BUENOS AIRES — The Imagine Van Gogh event touring cities is an immersive art experience in which visitors walk through unusually large projections of the artist’s works. Currently on show at the PROA Foundation, in Buenos Aires, it offers more than the reality of Van Gogh’s paintings: viewers are constantly surprised by objects and works, including holograms, visual or sound effects, or projection mapping, which combine the real and virtual.
Screens, QR codes, mobile applications, augmented or virtual reality and holography are increasingly mixing with art and how it’s displayed.
So far, this hasn’t disrupted visiting habits or upset the public, as Imagine Van Gogh’s sales figures have shown. In Buenos Aires, it sold 147,000 tickets before opening.
A sensory experience
In a world and at a time when social media, streaming platforms and mass spectacles are stimulating our senses to excess, museums have turned to them to update their presentation format and language. It is a Darwinian leap meant to ensure survival and a creative response to changes imposed by technology.

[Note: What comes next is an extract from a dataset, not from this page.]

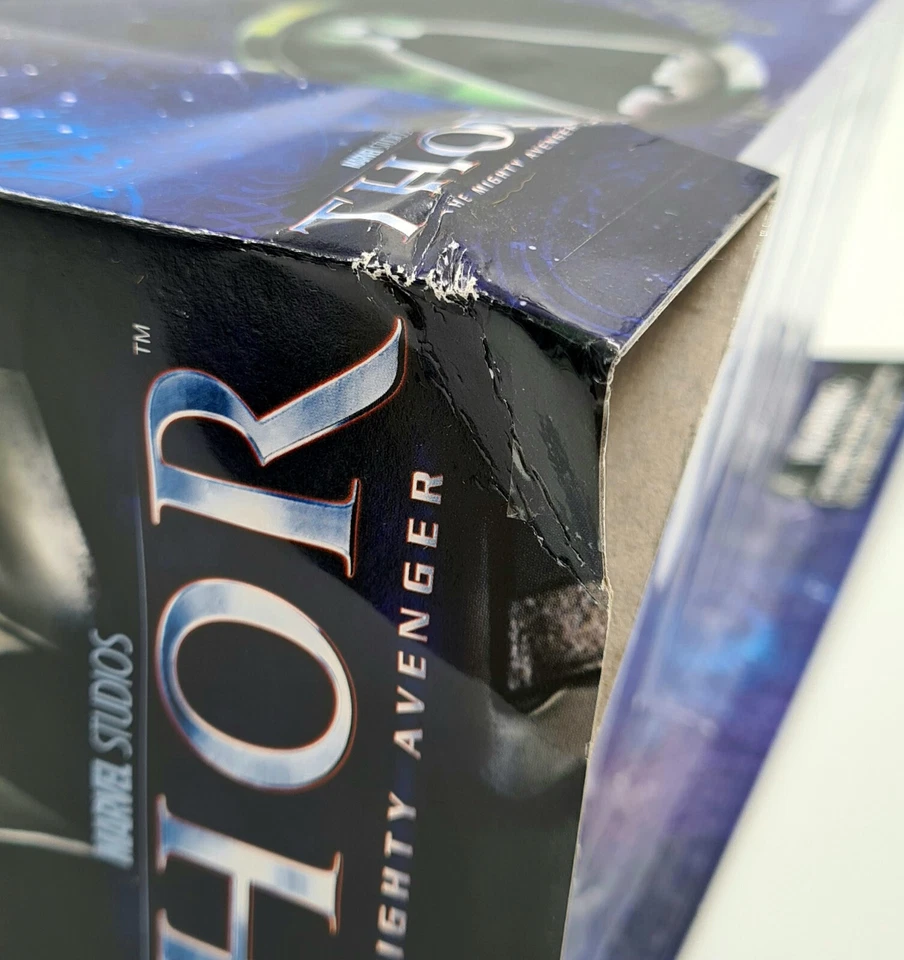 LOKI NEU OVP MARVEL DIAMOND SELECT TOYS | 7" INCH THOR COLLECTOR EDITION FIGURE - Bild 2 von 3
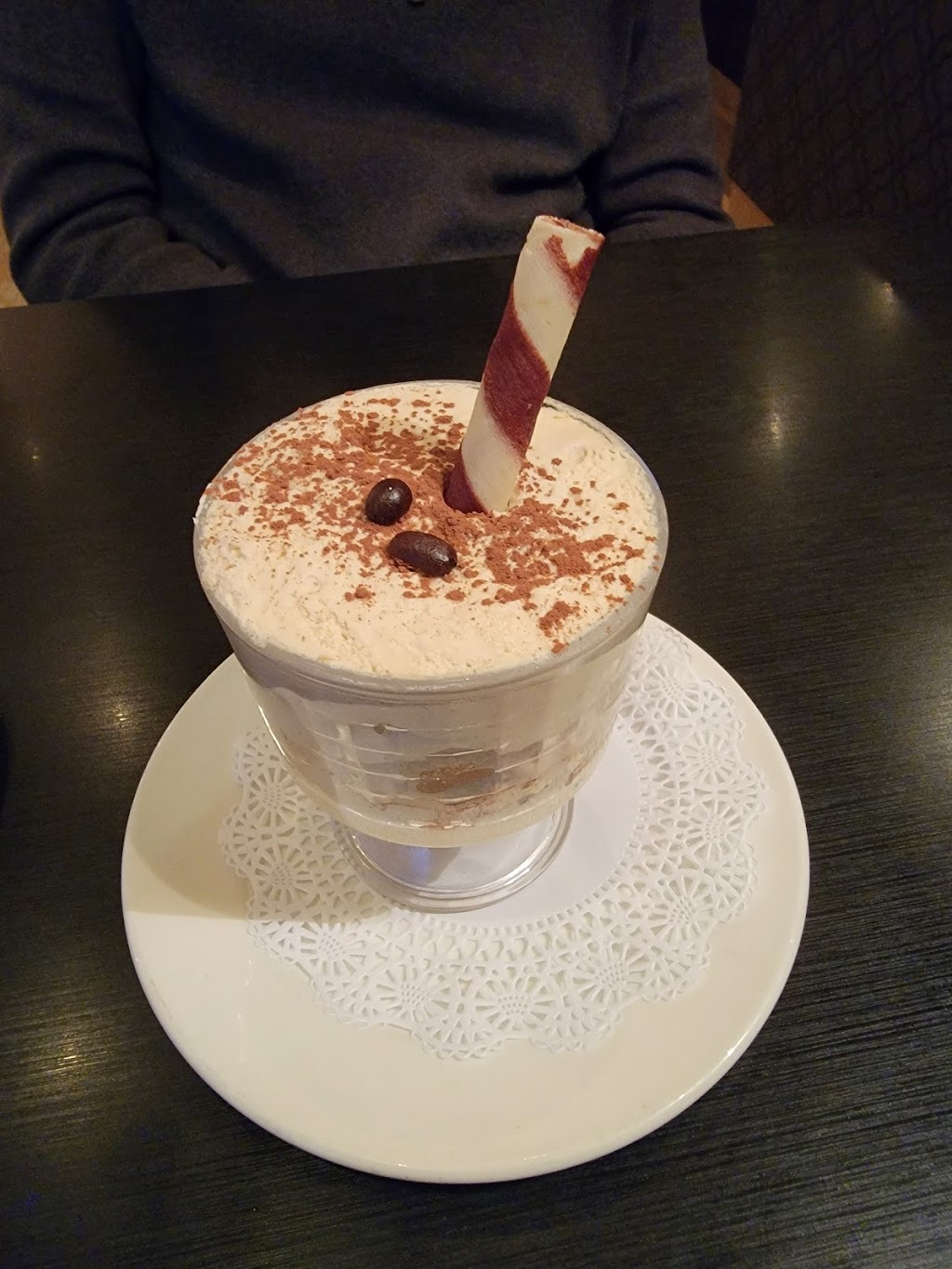 Tre Visi Cafe | 926 Grosvenor Ave, Winnipeg, MB R3M 0M5, Canada | Phone: (204) 475-4447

Virtual visuals have thus reached a new paradigm: the institution of the museum and other spaces typically used to entertain. Museums are using digital tools to enrich the presentation of their contents, while spaces are using them to make visits a sensory experience beyond mere viewing.
But will it turn art into a show and detach exhibitions from physical works of art? And is that good or bad? These are debatable points, unlike the changes already underway. The future is now and inviting us to envisage the unpredictable. Curiosity, after all, is nothing but the intention and need to discover the unknown.